- What is required:
In the records below, find the line with "珠宝王国v1.1.13", then retype it and every following line exactly, stopping after the line with "小飞侠彼得潘读书心得初中600字范文". Leave the pictures out.

(Supplied information)

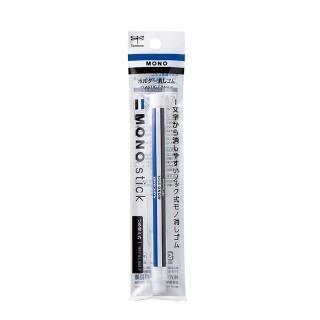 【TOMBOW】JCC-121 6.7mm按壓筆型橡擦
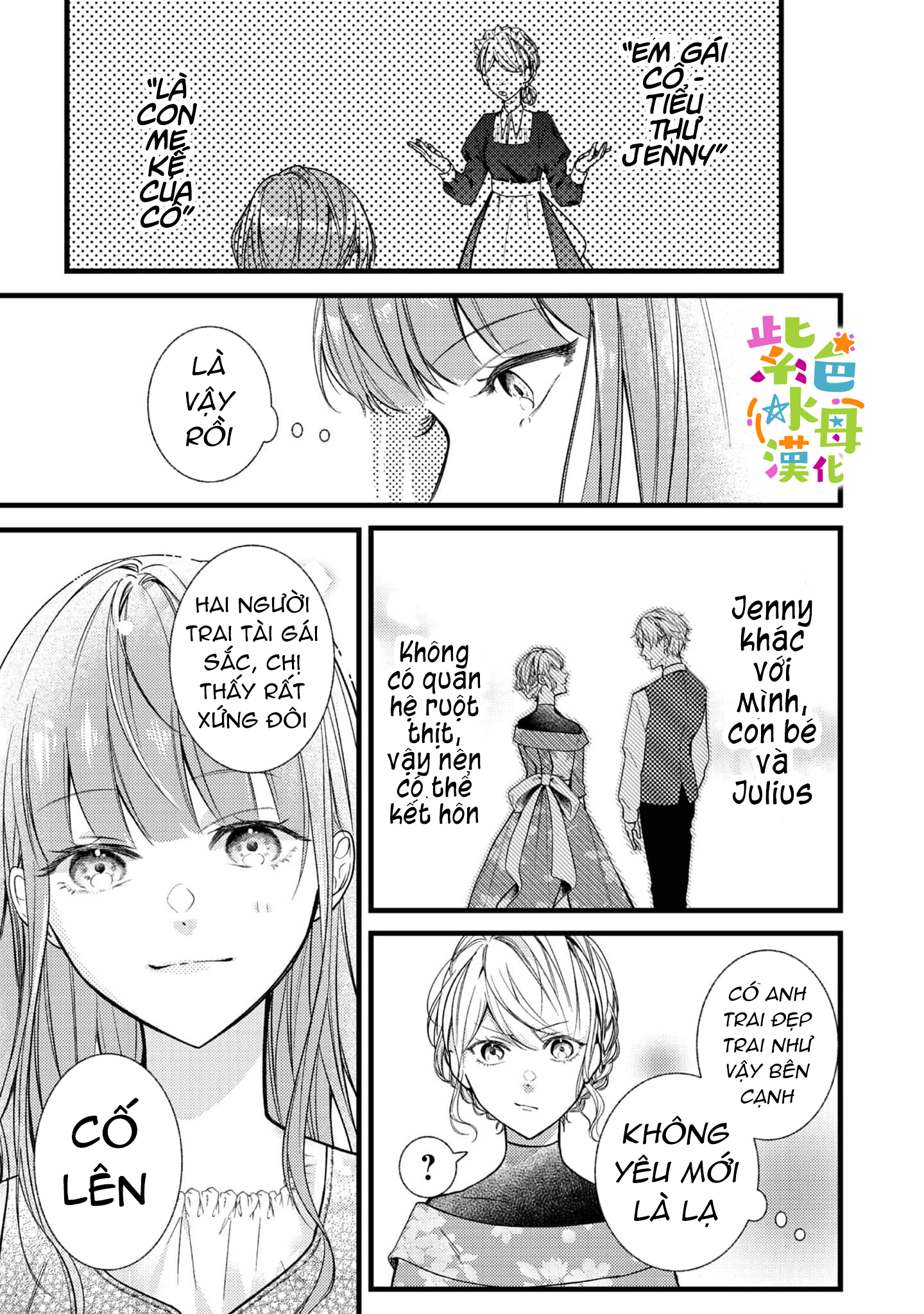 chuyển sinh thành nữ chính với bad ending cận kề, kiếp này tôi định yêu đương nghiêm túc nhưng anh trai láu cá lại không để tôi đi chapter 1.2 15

(End Supplied information)
(Supplied information)

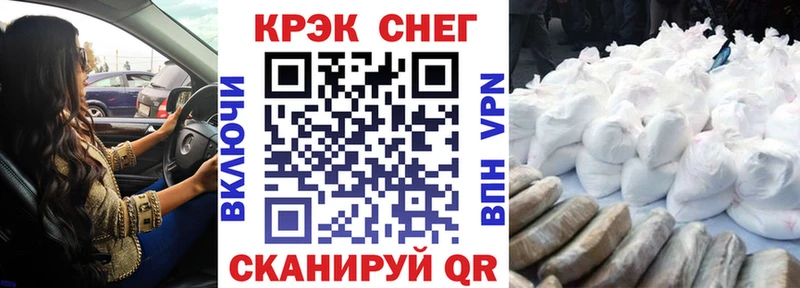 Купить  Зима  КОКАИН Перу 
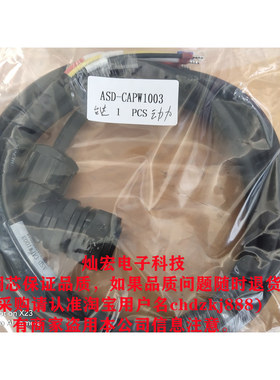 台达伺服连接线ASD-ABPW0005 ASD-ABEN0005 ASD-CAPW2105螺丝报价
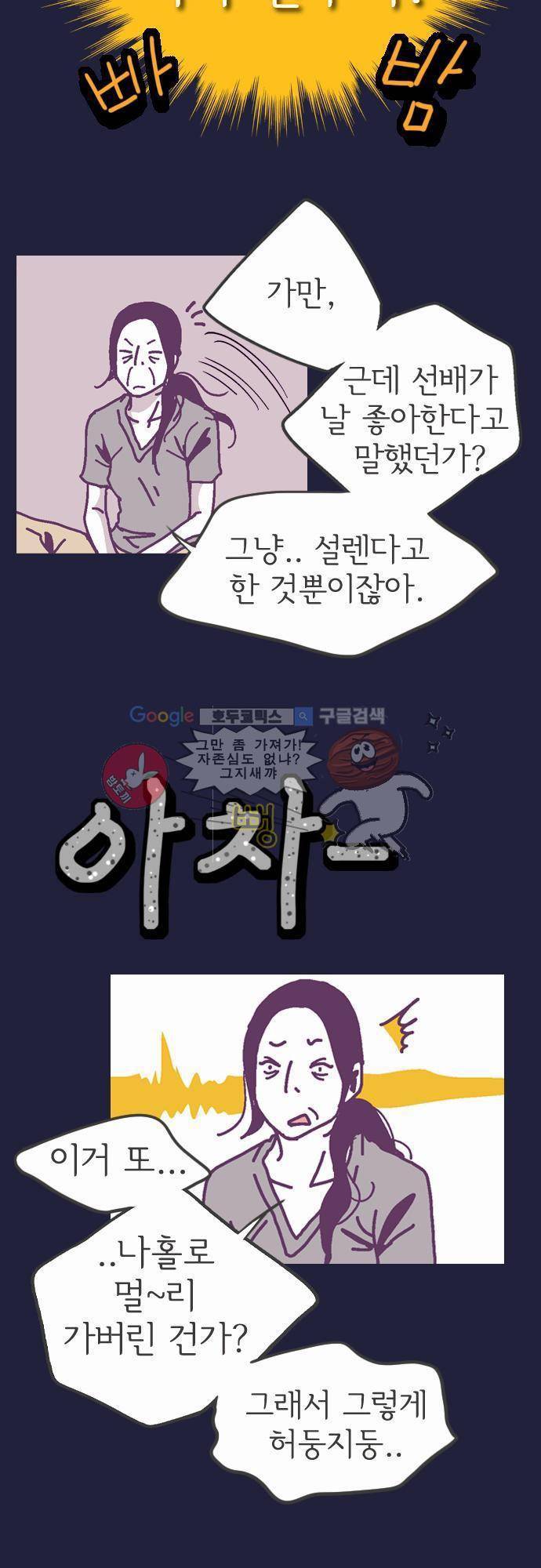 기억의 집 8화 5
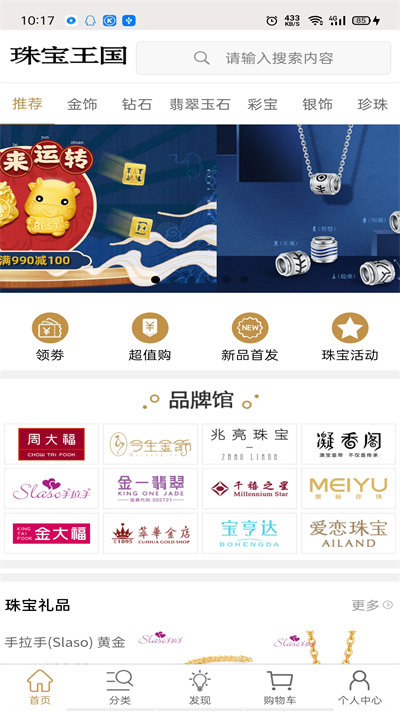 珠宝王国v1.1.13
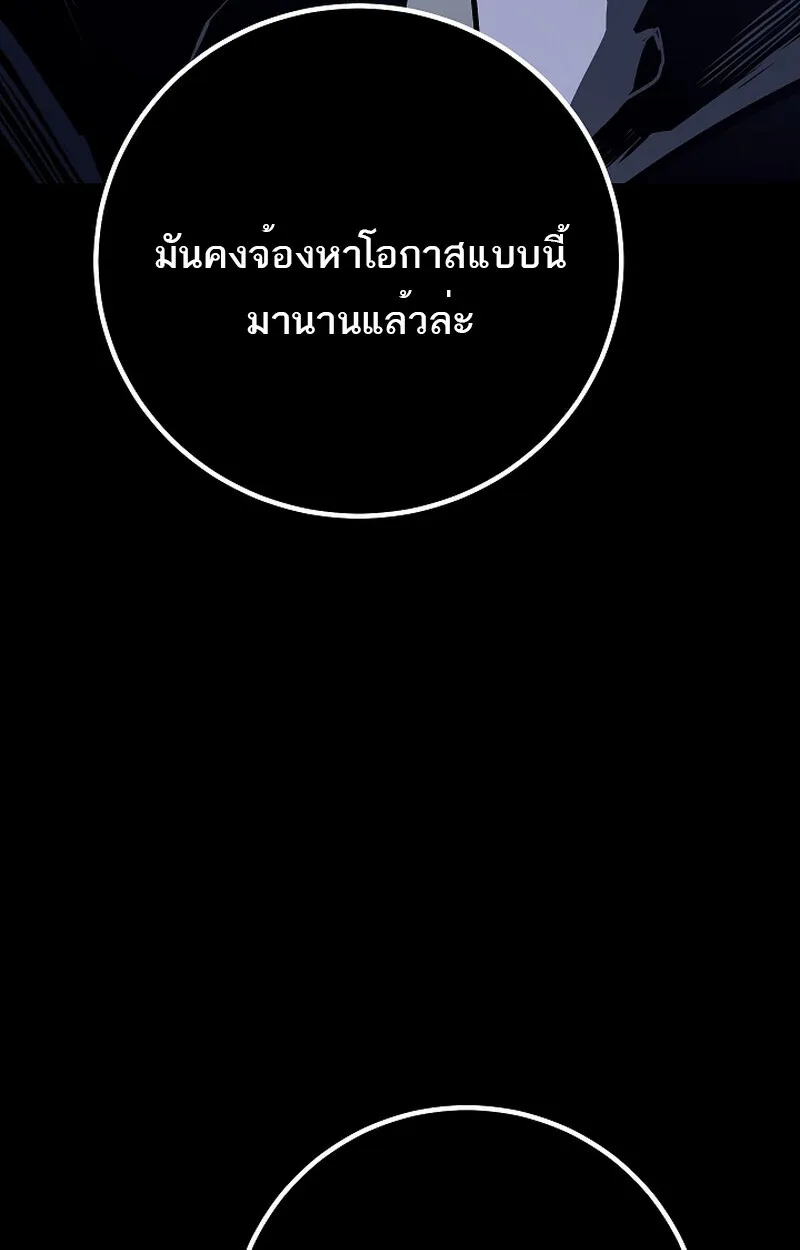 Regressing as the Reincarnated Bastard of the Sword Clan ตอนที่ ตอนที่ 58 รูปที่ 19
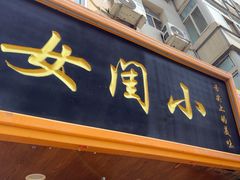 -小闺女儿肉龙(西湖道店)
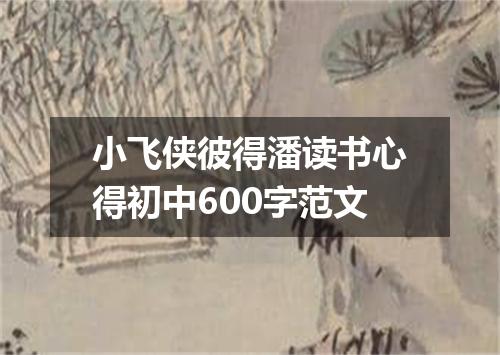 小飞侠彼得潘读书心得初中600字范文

(End Supplied information)
(Supplied information)

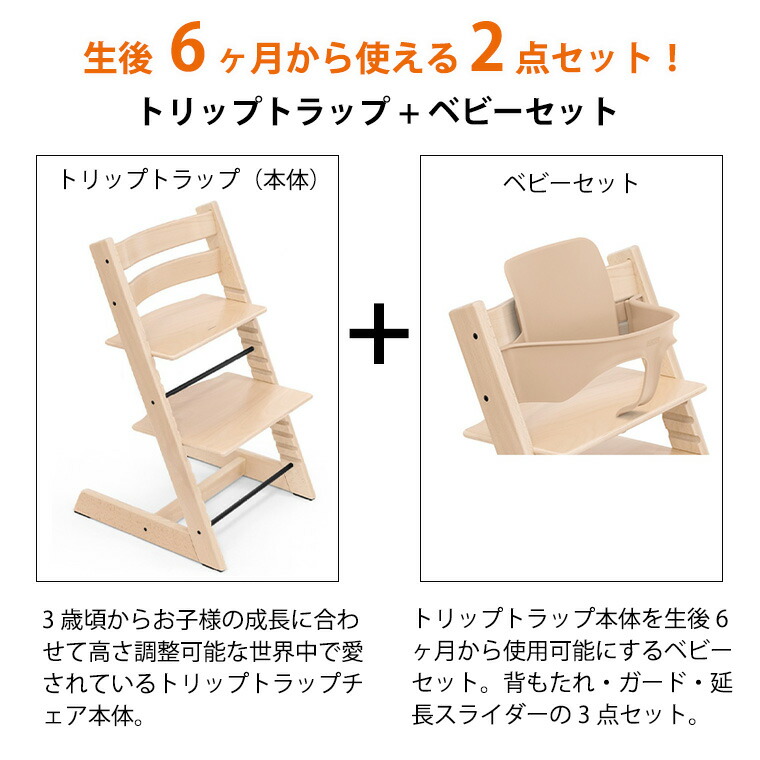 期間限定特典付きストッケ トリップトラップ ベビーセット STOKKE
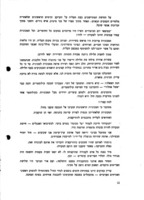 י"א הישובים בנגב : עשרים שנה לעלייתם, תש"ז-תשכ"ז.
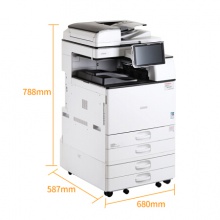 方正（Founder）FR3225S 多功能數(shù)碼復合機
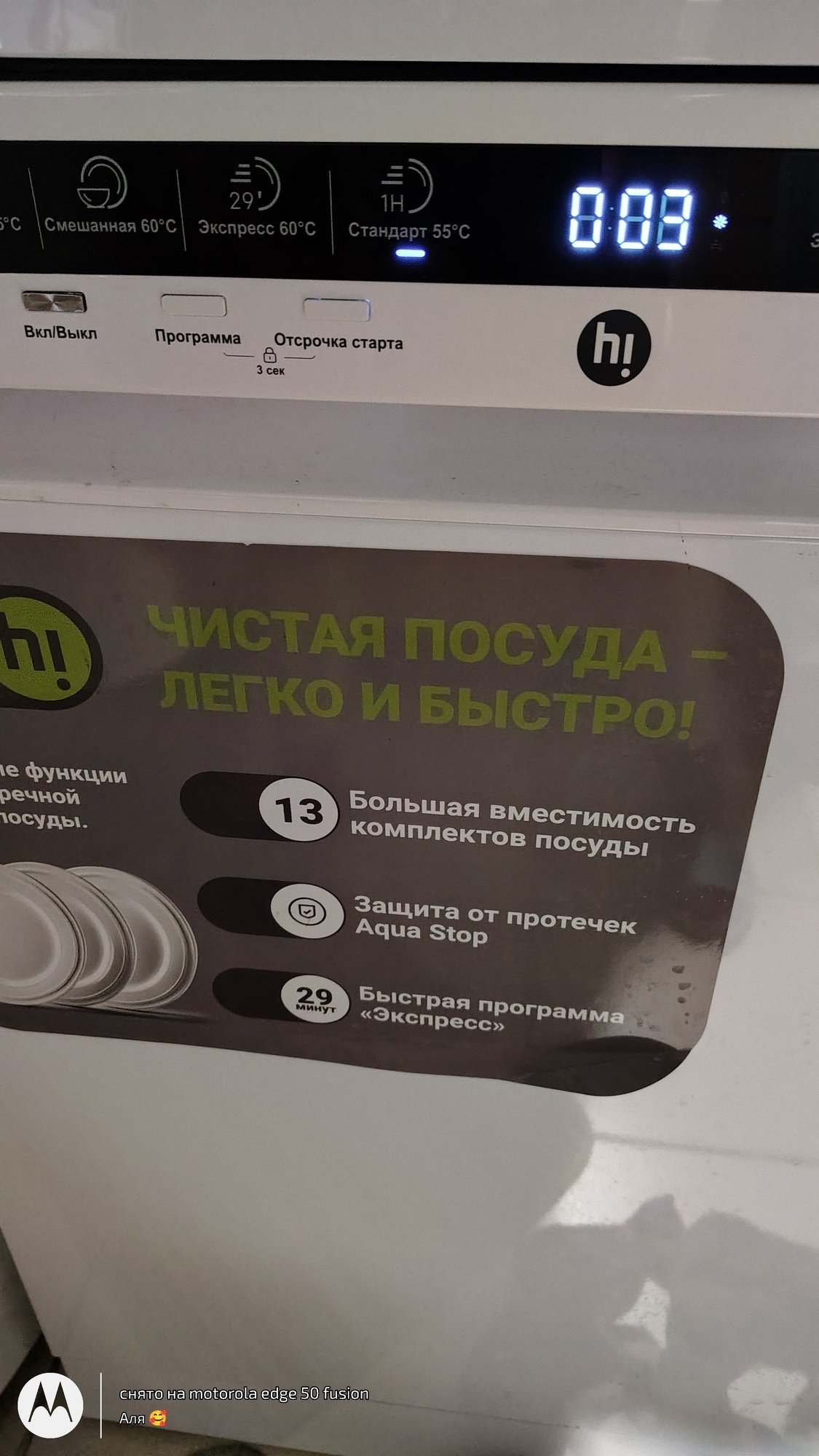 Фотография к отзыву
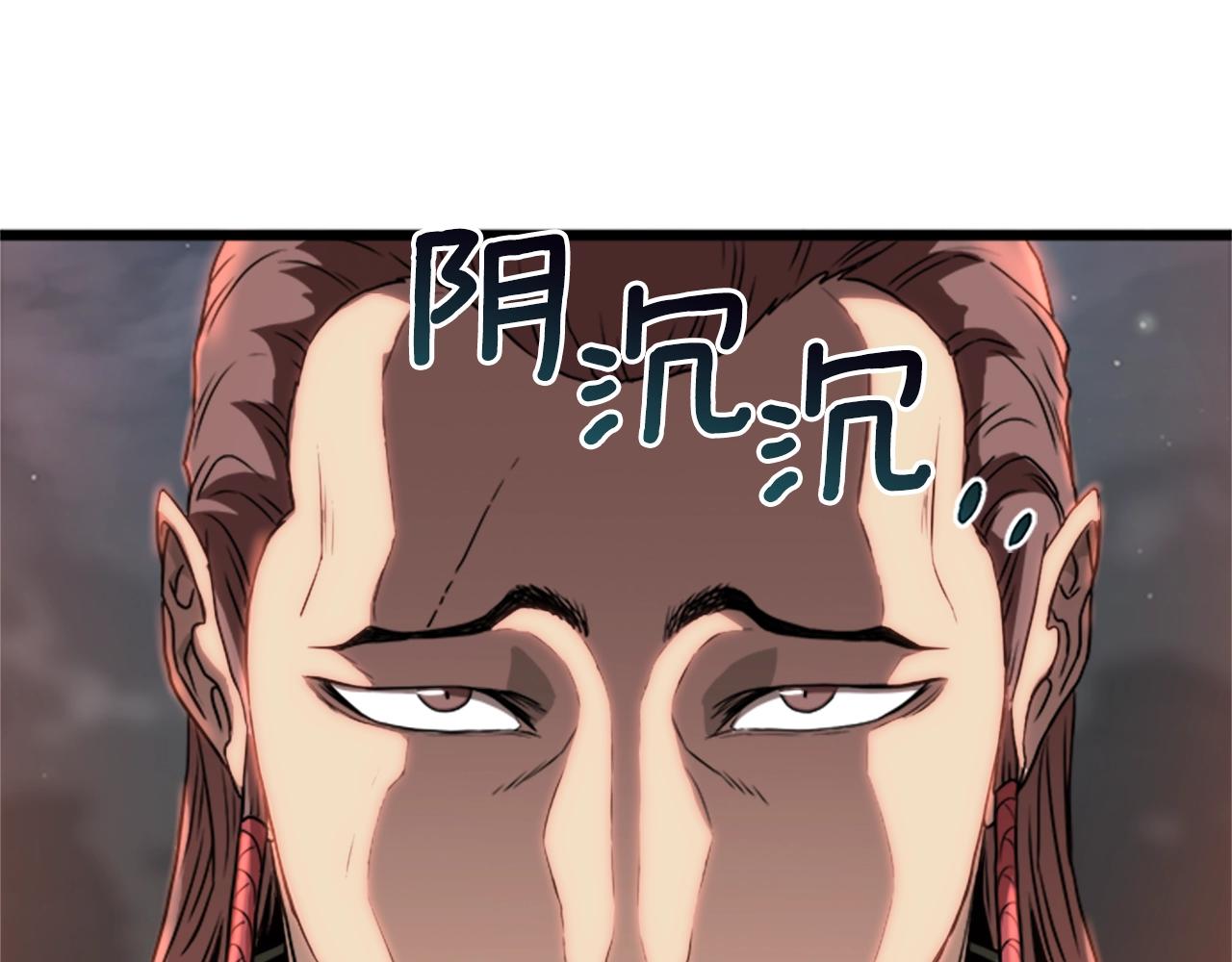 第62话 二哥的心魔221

(End Supplied information)

- Response:
 珠宝王国v1.1.13
 Regressing as the Reincarnated Bastard of the Sword Clan ตอนที่ ตอนที่ 58 รูปที่ 19
 -小闺女儿肉龙(西湖道店)
 小飞侠彼得潘读书心得初中600字范文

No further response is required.